── INPUT FOR THIS TASK ──

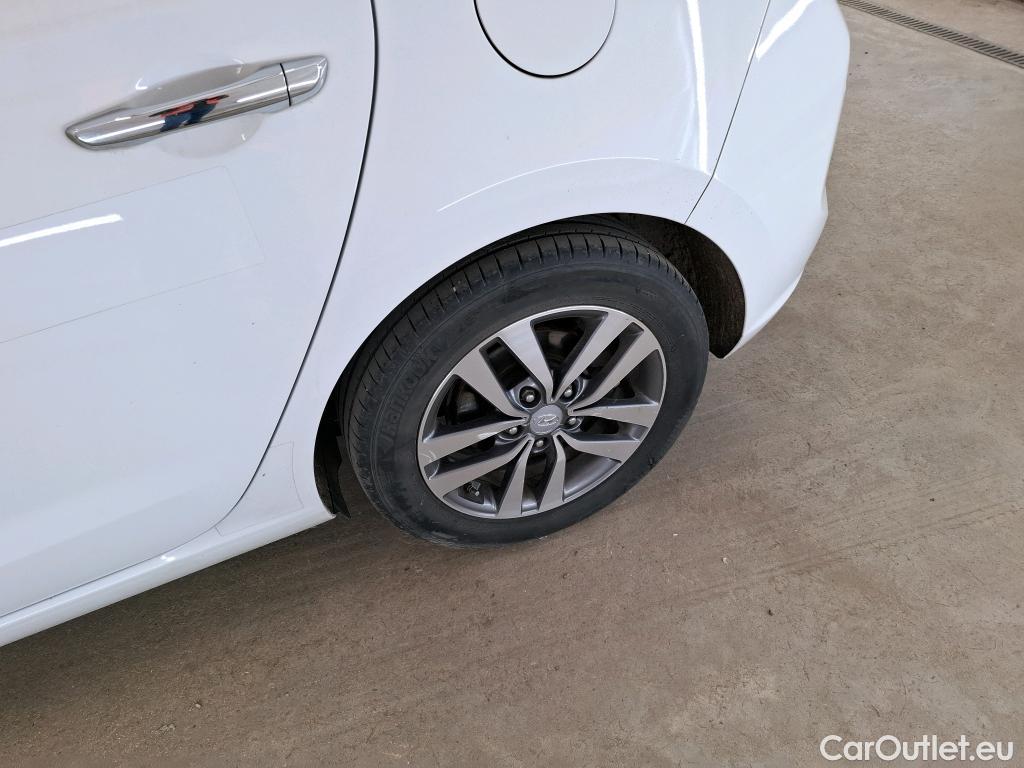  Hyundai  i30  Business 1.6 CRDi 110CV BVA7 E6 #29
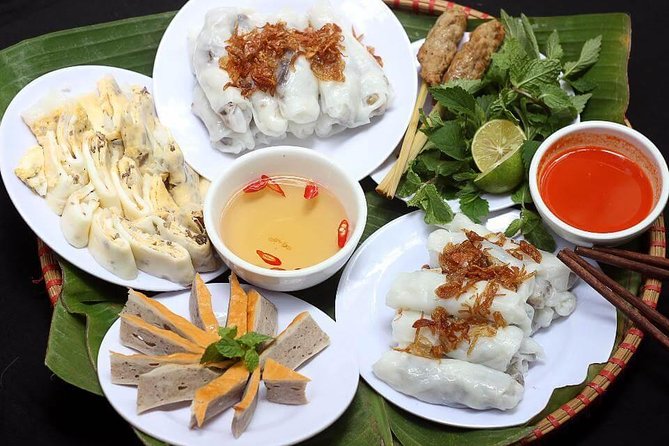 Hanoi Street Food Experience by Walking - Banh goi and the fun of trying Northern street snacks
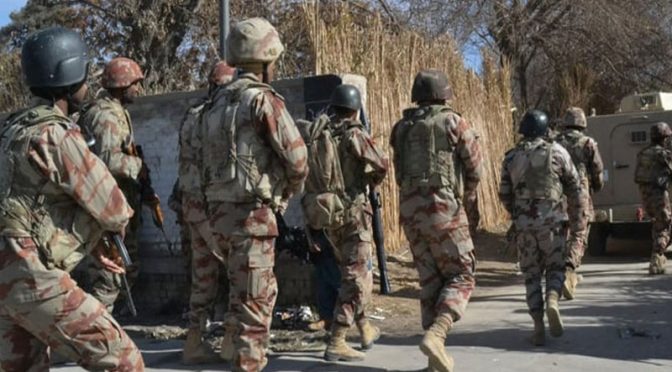 ڈی آئی خان میں مختلف کارروائیوں کے دوران 27 دہشت گرد ہلاک، 25 اہلکار شہید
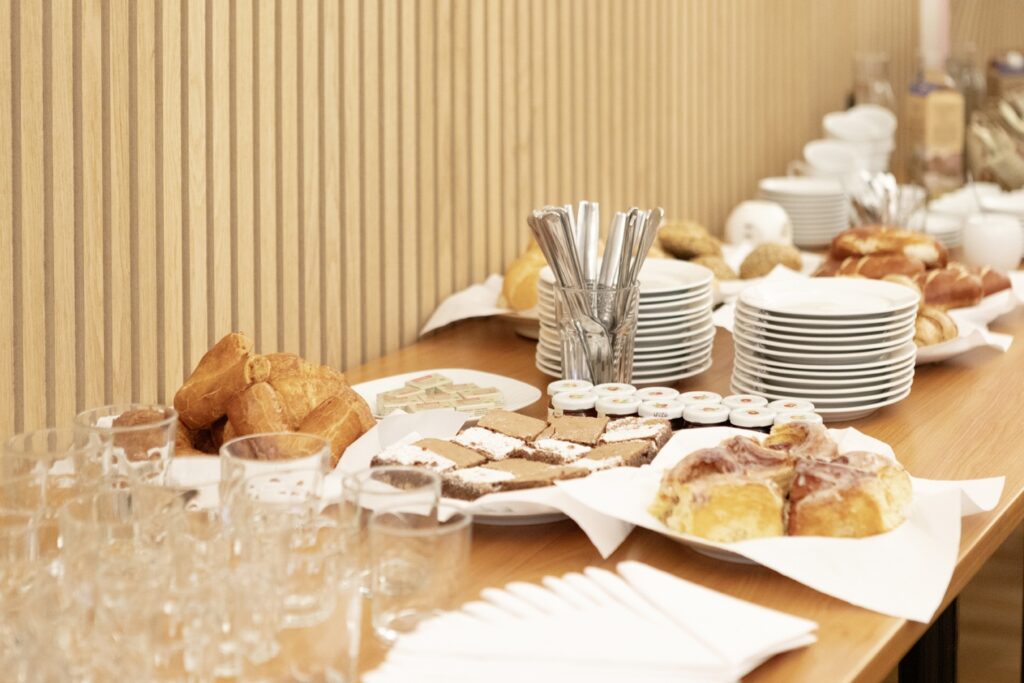 PRVA: Onboarding-Breakfast bei OBSERVER 2026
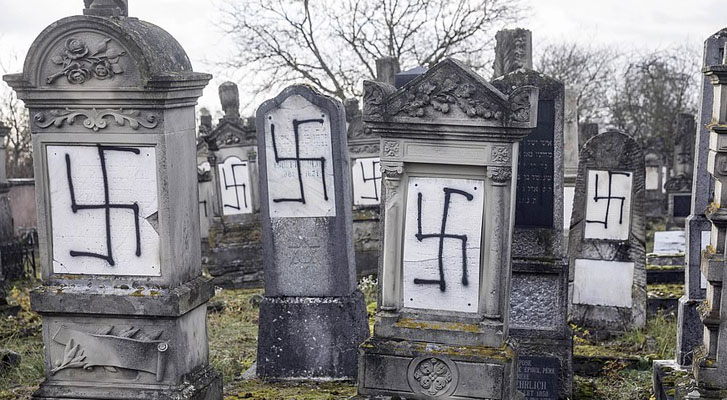 Descubren lápidas judías profanadas con esvásticas nazis en un cementerio fuera de Estrasburgo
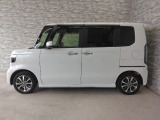 オプションになりますが、ボディーコーティングもご用意しております。新車の輝きに近づき、洗車などのお手入れも楽になりますよ。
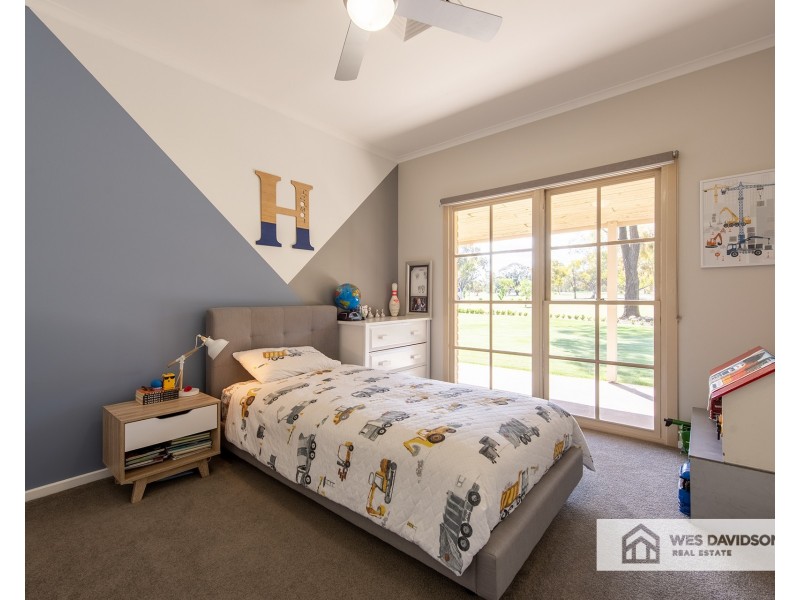 21 Grant Drive, Dooen VIC 3401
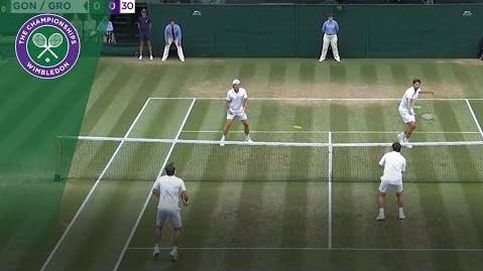 ¿Cómo se juega al tenis con dos bolas? En Wimbledon tienen la respuesta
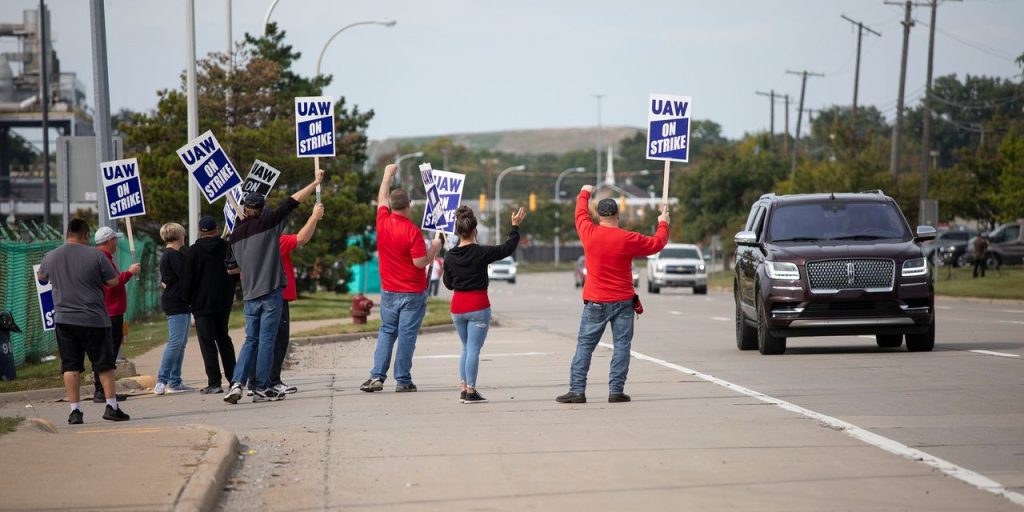 UAW auto strike looms large for inflation and economy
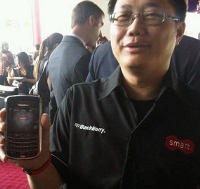 Smart Rilis BlackBerry Tour 9630
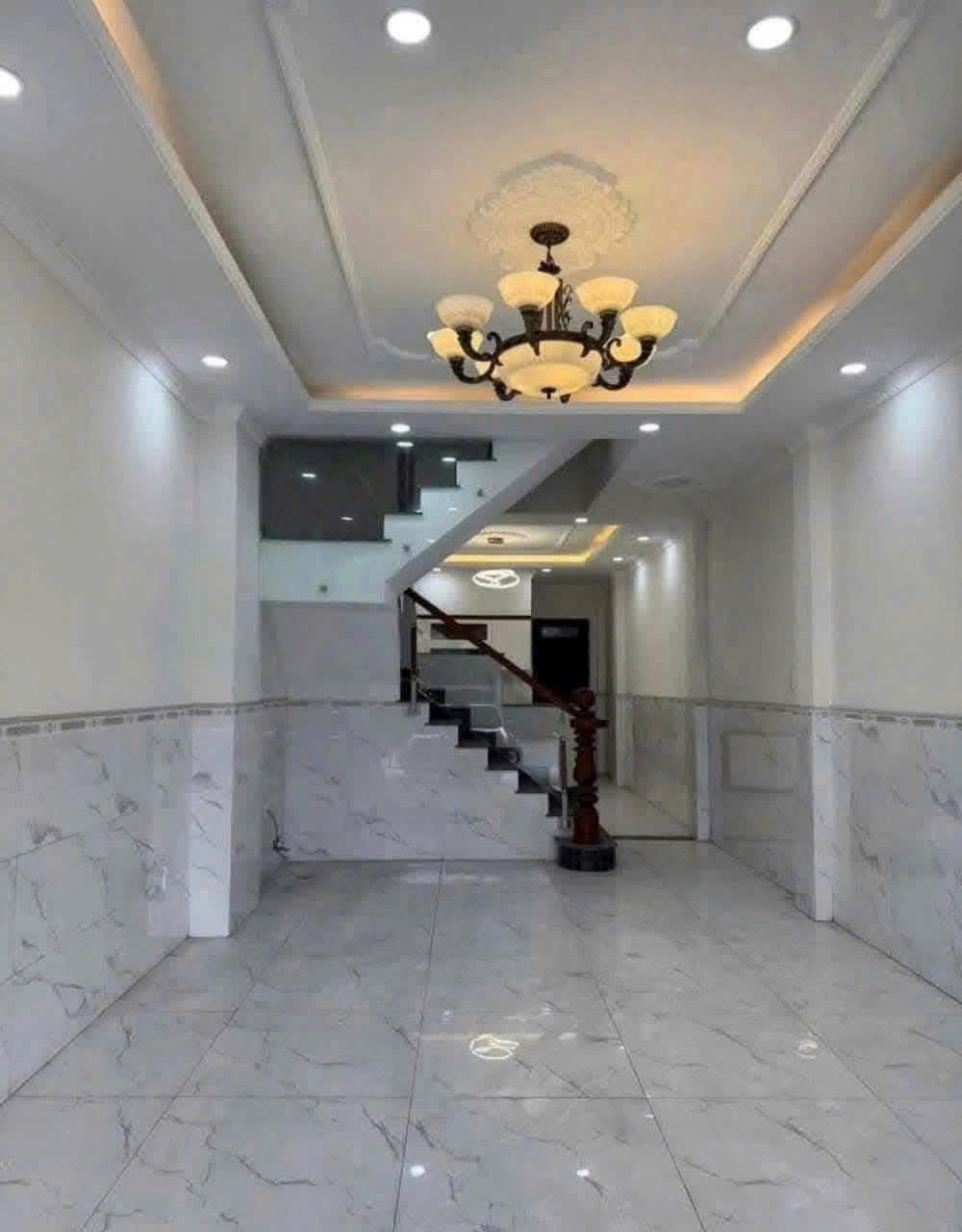 BÁN NHÀ ĐƯỜNG NGUYEN THỊ MINH KHAI TRUNG TÂM TP. DĨ AN - Ảnh 2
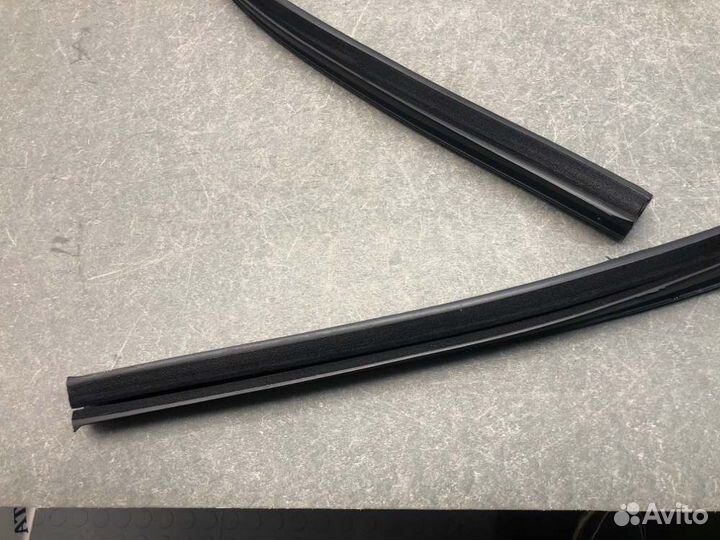 Уплотнитель стекла двери передний левый Renault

───

--- PROBLEM DETAILS ---
Where an entry contains an image, drop the image and copy everything else word for word.

--- REPLY ---
  Hyundai  i30  Business 1.6 CRDi 110CV BVA7 E6 #29
 Hanoi Street Food Experience by Walking - Banh goi and the fun of trying Northern street snacks
 ڈی آئی خان میں مختلف کارروائیوں کے دوران 27 دہشت گرد ہلاک، 25 اہلکار شہید
 PRVA: Onboarding-Breakfast bei OBSERVER 2026
 Descubren lápidas judías profanadas con esvásticas nazis en un cementerio fuera de Estrasburgo
 オプションになりますが、ボディーコーティングもご用意しております。新車の輝きに近づき、洗車などのお手入れも楽になりますよ。
 21 Grant Drive, Dooen VIC 3401
 ¿Cómo se juega al tenis con dos bolas? En Wimbledon tienen la respuesta
 UAW auto strike looms large for inflation and economy
 Smart Rilis BlackBerry Tour 9630
 BÁN NHÀ ĐƯỜNG NGUYEN THỊ MINH KHAI TRUNG TÂM TP. DĨ AN - Ảnh 2
 Уплотнитель стекла двери передний левый Renault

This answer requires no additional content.